The Primary Income Balance surplus, which largely benefited multinational corporations, offset deficits in both the Trade Balance and the Services Balance, which had a broader impact on domestic industries. The Trade Balance—calculated by subtracting import value from export value—recorded a deficit of 2.4148 trillion yen, widening from the previous year. Exports rose by 5.0% to 52.2222 trillion yen, while imports grew at a faster pace of 7.1%, reaching 54.6369 trillion yen. This rise in imports outpaced export growth, driven by higher purchases of computers, pharmaceuticals, and other goods. Additionally, increased import costs eroded the gains from export growth, reflecting Japan’s dependency on energy imports such as crude oil and liquefied natural gas.

Meanwhile, the Services Balance, which covers areas such as transportation, tourism and intellectual property, posted a deficit of 1.9748 trillion yen. Within this sector, the digital-related balance, reflecting transactions such as online advertisements and software license payments, recorded a deficit of 3.7160 trillion yen. However, the travel balance achieved a record surplus of 3.0992 trillion yen, fueled by a surge in visiting tourists. This influx of foreign visitors helped narrow the overall services deficit, even as it underscored a growing disparity: while tourism has become a bright spot for Japan's services sector, it relies heavily on external demand, leaving the domestic economy dependent on overseas spending.

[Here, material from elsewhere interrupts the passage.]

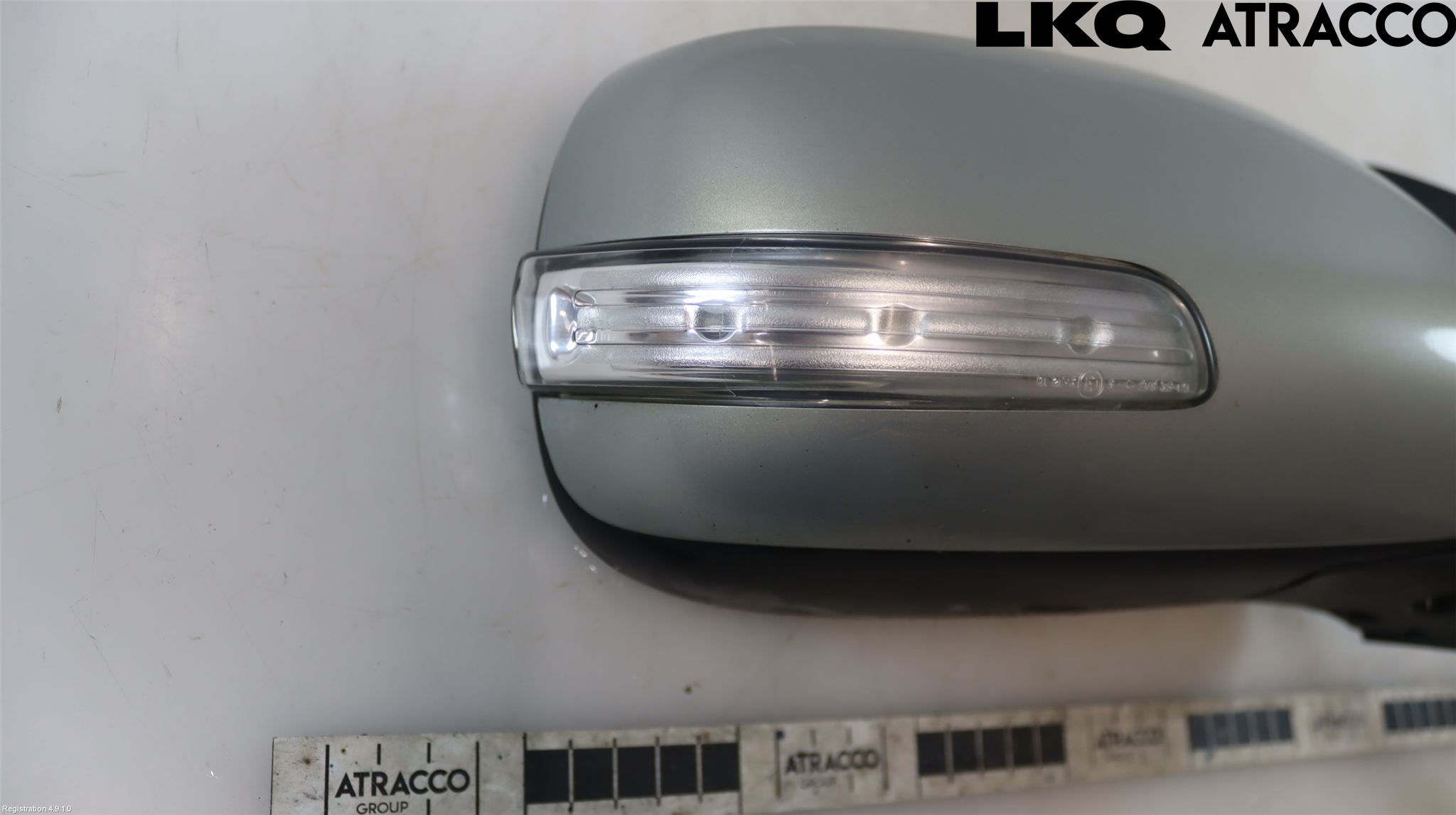 Toyota AVENSIS 07-08 Spegel Yttre El Hö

This reliance on external demand within the Services Balance mirrors the broader structure of Japan’s current account, where income earned overseas consistently compensates for domestic deficits. As a net creditor nation, Japan’s economic model serves as a buffer against domestic economic volatility. However, this heavy dependence on external economies reveals a growing disconnect between international profits and domestic economic growth. Some critics suggest that shifting from export-driven model to an investment-oriented economic model is better suited for an aging nation like Japan, leveraging its extensive foreign assets to stabilize its overall balance of payments while fostering long-term resilience. Others wonder whether the country’s dependence on international markets can truly enhance broad-based economic vitality. They argue that while the Primary Income Balance remains the key driver of the current account surplus, the gains are largely concentrated in multinational corporations. These profits, though significant, often fail to translate into tangible benefits for Japan’s broader domestic economy. Persistent sluggish wage growth curbs consumer spending, limiting the economy’s momentum.

Japan’s economic model is faced with persistent challenges in converting its primary income surplus into widespread domestic prosperity. To ensure this wealth— built over decades of trade surpluses and global investments—drives inclusive economic growth and strengthens domestic competitiveness in trade and services, comprehensive structural reforms and targeted tax policies are needed to channel the gains of globalization back into the domestic economy. Without such measures, the benefits of this model risk remaining concentrated within a small number of globally dominant corporations in the manufacturing and financial sectors. These large corporations, wielding considerable political and economic influence, often retain profits as reserves or reinvest them in overseas markets. This behavior is further incentivized by tax and regulatory frameworks that disproportionately favor large exporters and foreign investors, leaving the domestic economy’s backbone—smaller businesses and local industries—underfunded and less dynamic.